Il giorno del mio compleanno ho ricevuto una mail con un regalo: il nuovo romanzo di Stefano Amato,
L'apprendista libraio. Mentre finivo di leggerlo, mi era venuta voglia di scrivere qualcosa, solo che non sono un critico e recensioni di libri se ne trovano da tutte le parti. Poi ho pensato di intervistarlo, Stefano Amato, ma le interviste con gli scrittori, diciamolo, hanno un po' rotto le balle. Così l'ho contattato e gli ho detto che secondo me sarebbe una bella idea se ogni tanto fosse lo scrittore a intervistare un lettore, quindi gli ho chiesto se avesse voglia di farmi delle domande. Lui mi ha detto ok, e allora oggi, orgogliosamente, inauguriamo le grandi interviste alla rovescia di Barabba. La prima è questa e fa così:
Stefano Amato – Sono curioso, che effetto ti ha fatto ricevere in regalo, il giorno del tuo compleanno, il mio romanzo? Io l'ho fatto senza pensarci, ma subito dopo mi sono detto: "No! Che ho fatto?" Perché questa cosa – regalare il proprio romanzo – è proprio una cosa da Autore Locale, un genere di cliente che prendo spesso in giro sul sito e sul romanzo.

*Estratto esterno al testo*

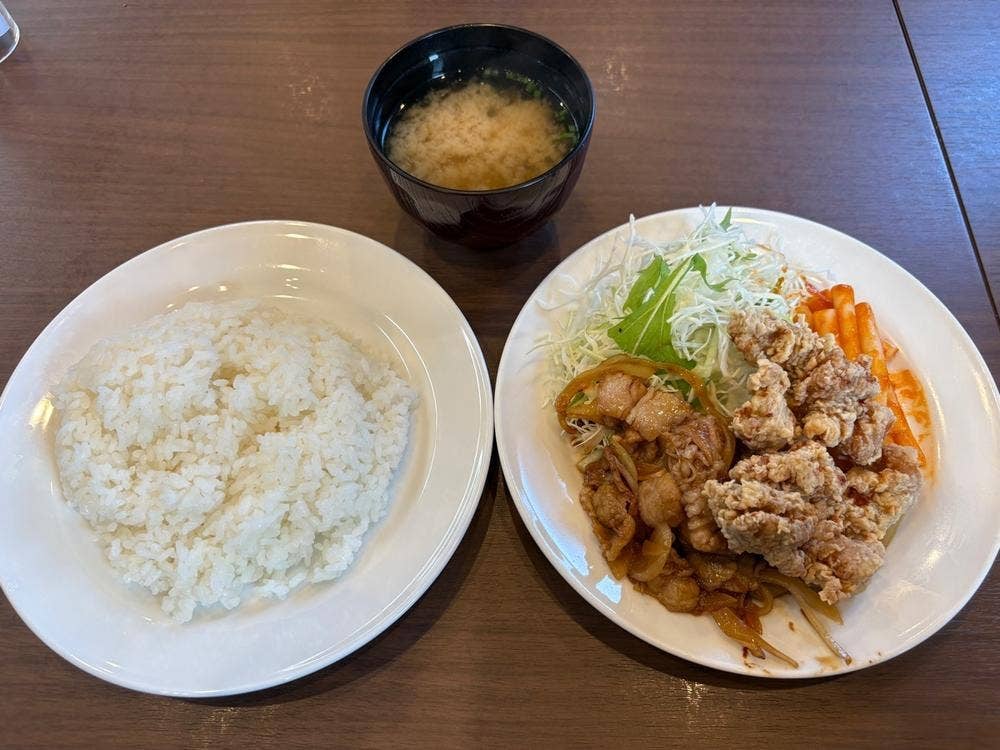 洋食食堂 たくみ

Many – Guarda, già il fatto di autopubblicarti un libro elettronico su internet ti rende automaticamente "autore locale". Però va bene, è una strada che va battuta, sei tra i pionieri, in un certo senso: una specie nuova di "autore locale". Poi appena ho visto la mail ho pensato: ma guarda te questo qui, non ci siamo mai incontrati e mi fa un regalo di compleanno perfetto. Ed è stato perfetto perché l'unico altro regalo che abbia ricevuto è un Kindle. Io sono uno che gli ebook li legge da un po', di solito al bar o quando sono in bagno o quando aspetto la pizza da asporto o, insomma in quelle occasioni lì, solo che finora ho sempre letto gli ebook sul telefonino. Ecco, adesso, col Kindle, che è come averlo acceso per la prima volta e averci trovato già dentro
L'apprendista libraio, ti dirò, far colazione o fare la cacca son tutta un'altra esperienza, rispetto a prima.
S. – Cavolo, un po' t'invidio. Io non riesco a leggere niente di lungo mentre faccio la cacca, perché finisce che mi concentro troppo e inibisco la peristalsi. Preferisco cose brevi tipo le recensioni del dizionario del cinema o l'etichetta del bagnoschiuma.
M. – In quelle occasioni ho sempre letto le recensioni del Mucchio, che son lunghe il giusto per non deconcentrarsi, per il motivo che dici tu. Poi quando ho cominciato a leggere gli ebook, niente, mi son trovato benissimo e la testa ha smesso di interferire col culo, e tutti e due han preso a muoversi indipendentemente. Adesso, col Kindle, secondo me sto anche meglio, a livello intestinale.
S. – Per quanto riguarda la faccenda di autoprodursi, avevo sottovalutato in pieno la questione del "metterci la faccia". In questi giorni ogni volta che apro la casella email ci trovo una o più critiche al romanzo, alcune positive, alcune abbastanza feroci. Ora, lo so che non si può piacere a tutti eccetera (e anzi molte critiche sono benvenute perché rientrano nel mio "piano decennale" di cui forse parleremo) ma volevo chiederti: tu come reagisci di solito a una critica negativa? Non mi riferisco solo in campo letterario, ma più in generale, sul lavoro e via dicendo. Intendo le critiche severe, quelle che sfiorano la cazziata, vanno quasi sul personale, e ti reputano responsabile di vere e proprie catastrofi (una blogger, partendo dal fatto che non le è piaciuto
L'apprendista libraio, ha previsto l'apocalisse del "selfpublishing" in Italia...)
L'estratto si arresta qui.